Jordan v. State

Ray, Judge.

Following a jury trial, Anthony Moses Jordan was found guilty of one count of burglary,1 two counts of armed robbery,2 and two counts of aggravated assault.3 He was sentenced as a recidivist to twenty years to serve on the burglary count; to life without parole on the two armed robbery counts; and to twenty years to serve on the two aggravated assault counts.4 Jordan appeals from the denial of his motion for a new trial,5 contending that the evidence was insufficient to support his convictions, that his trial counsel was ineffective, and *266that the trial court erred in admitting certain evidence. For the reasons that follow, we affirm.

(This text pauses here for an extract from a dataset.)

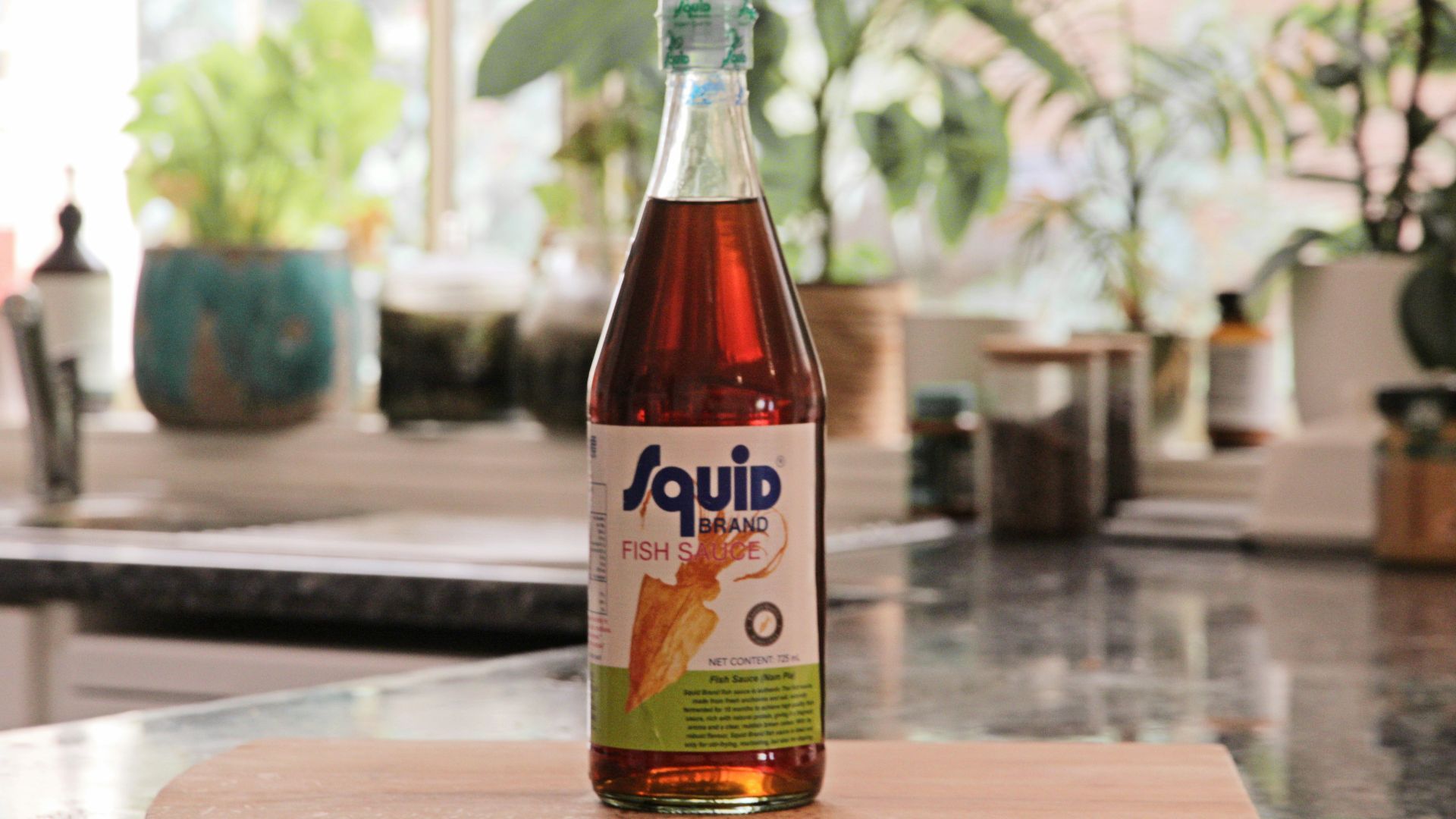 a bottle of liquid sitting on top of a counter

“On appeal from a criminal conviction, the defendant no longer enjoys the presumption of innocence.”6 Further, “[w]e neither resolve conflicts in the evidence nor assess witness credibility, but merely determine the legal sufficiency of the evidence.”7 When an appellant challenges the sufficiency of the evidence to uphold his conviction, “the relevant question is whether, after viewing the evidence in the light most favorable to the prosecution, any rational trier of fact could have found the essential elements of the crime beyond a reasonable doubt.”8

So viewed, the evidence shows that on June 26, 2008, Patrick Johnson and Cynthia Lewis were asleep at Johnson’s home when Lewis was awakened by a loud boom. Lewis saw three or four men wearing masks and pointing guns enter the house. Johnson awoke and grabbed one of the men by the arm, and the man’s gun fired into the ceiling. The men commanded the couple to “give it up, money, jewelry, anything of value” as they began to ransack the house. Johnson and Lewis identified the intruders’ race as black and testified that at least two of them had Caribbean or Jamaican accents, while a third spoke with a south Georgia accent. The men threatened to kill Johnson and Lewis. One man fired a bullet into the mattress next to Lewis’ head and ordered her to go into the kitchen, telling her that she would be shot if she ran. She escaped and called 911. The intruders stole cash, clothing, and a cell phone, among other items.

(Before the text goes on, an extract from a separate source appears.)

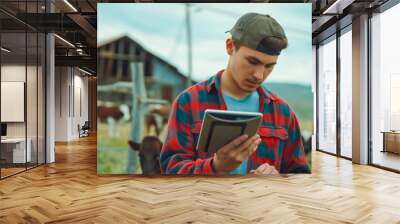 Shot of a young man using a digital tablet while working at a cow farm Wall mural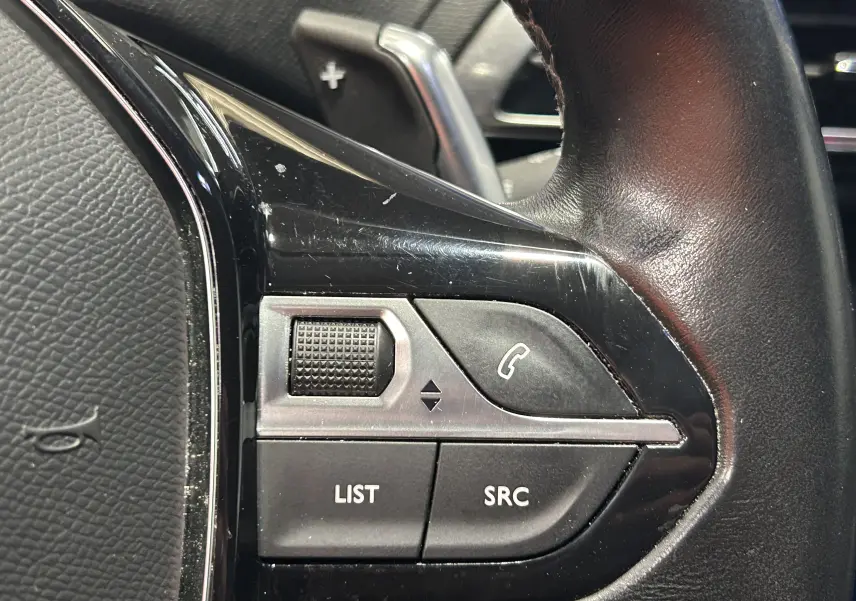 Gros plan sur les commandes gauche du volant en cuir noir du Peugeot 3008, boutons de gestion d’appels et audio.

The next day, Johnson found some of his clothing and a cell phone (which was not his) outside his back fence. No readable fingerprints were found on the phone. An officer prepared a search warrant so that he could download data from the phone. While doing so, he removed the back of the phone in an attempt to find the serial number. He found a piece of paper inside on which there was written an address, a Social Security number, a date of birth, and what appeared to be a credit card number. The Social Security number belonged to Demetris Drayton, who, when contacted by police, asked if the call had “anything to do with that robbery ... in Moultrie.” Drayton met with two police officers and told them that she and her boyfriend, Jordan, had argued over money and that he left the house about 1:00 a.m. on the date of the robbery. When he returned, he threw a wad of money *267in her face and told her that he had invaded a home in Moultrie. She gave the police boots and pants that she said Jordan wore on the night of the robbery. Drayton also said that she had given the phone to Jordan and that the cell number was his, but that he had told her he lost the phone the previous night. She confirmed that the birth date and credit card number found on the paper inside the phone were hers. She showed police her car and said that Jordan had taken it on the night in question, without permission, and returned it with “fresh damage.” She also told police that Jordan worked in the watermelon fields with some Haitians. Despite being so forthcoming with information, when police attempted to record her responses, she refused to answer their questions.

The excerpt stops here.